Понимал ли он, чем все это с неизбежностью кончится? Я думаю, отлично понимал. Но с дороги не сворачивал. После Лавры работал в Москве, снова реставрировал иконы.
Вот на тебя едет каток. Он тебя раздавит. Это очевидно. Бежать уже некуда. И можно впасть в отчаяние, клясть судьбу и себя оплакивать. А можно продолжать делать свое дело. Едет, да, но ведь не доехал пока.
В ночь с 23 на 24 января 1938 года Юрия Олсуфьева арестовали, 7 марта тройка НКВД приговорила его к высшей мере за распространение антисоветских слухов, 14 марта его убили здесь. Вот, он где-то здесь лежит.

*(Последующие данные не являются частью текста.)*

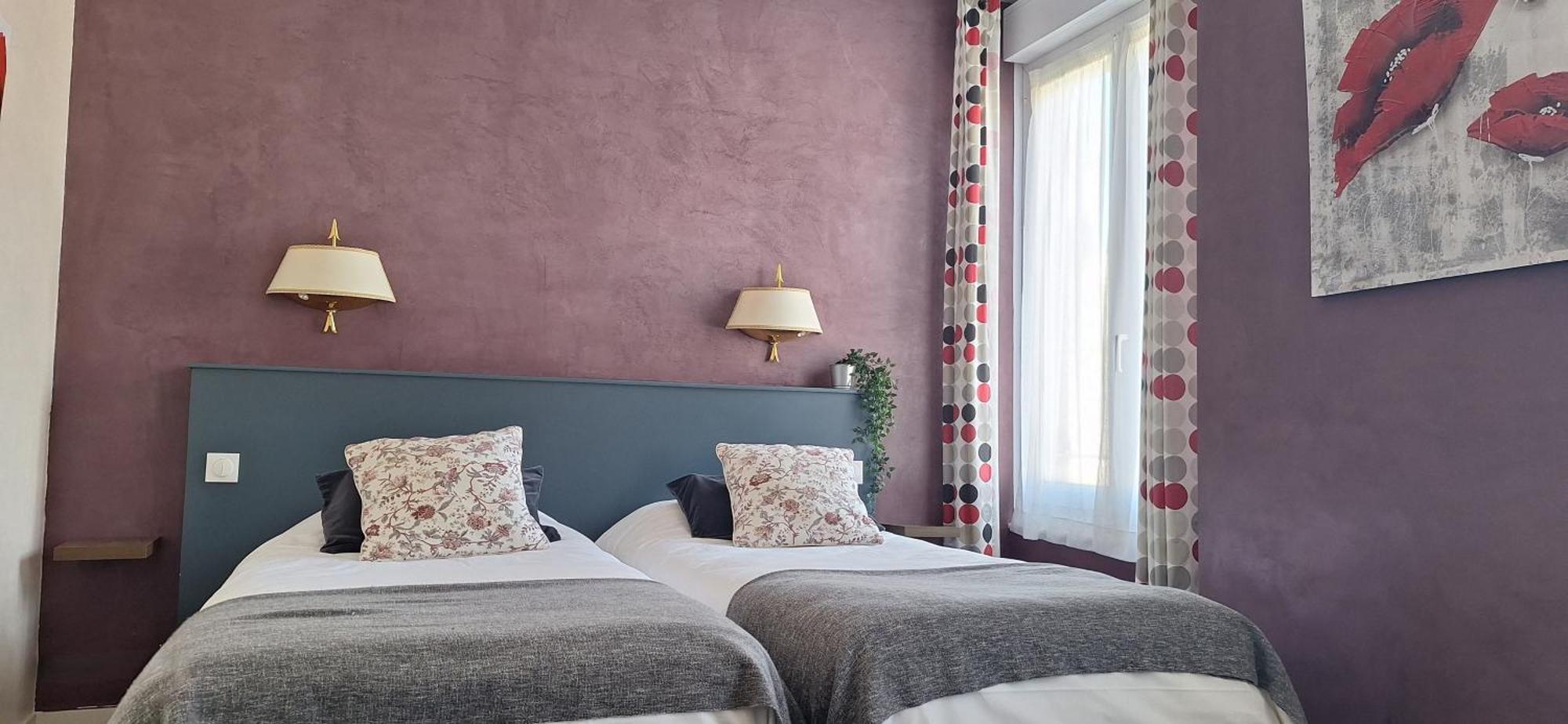 Brit Hotel Le Cygne Saint Hilaire du Harcouet Bagian luar foto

Тут прямо-таки – если вспомнить, с чего мы начали разговор, — напрашивается плоский оптимистический финал: достойная жизнь, великие дела, палачей его никто и никогда добрым словом не вспомнит, а его дела останутся, и даже если с «Троицей» вдруг что-то случится – ну, знаете, какие теперь вещи творятся, - все равно мы видели, какая она, и никто этого уже не сможет, как в интернете пишут, развидеть…
Кстати, об оптимизме. Сказал, что палачей добрым словом никто не помянет, и задумался, — чего это я? Найдутся люди, находятся люди.
Но понятно же, что тут дело вообще в другом. Вот есть история – про человека, про людей, которые умели врастать в культуру, в историю, которые были как мост между прошлым и будущим, которые становились частью будущего и частью вечного. И так делали свое дело, что смерть – страшная, трагическая, безвинная, — на фоне этого вечного оказывается только второстепенным эпизодом. Может быть, в этом их победа.
Ладно, на сегодня так, но мы продолжим искать ответы. Обещаю, следующие выпуски будут покороче, здесь пришлось сказать вводные слова.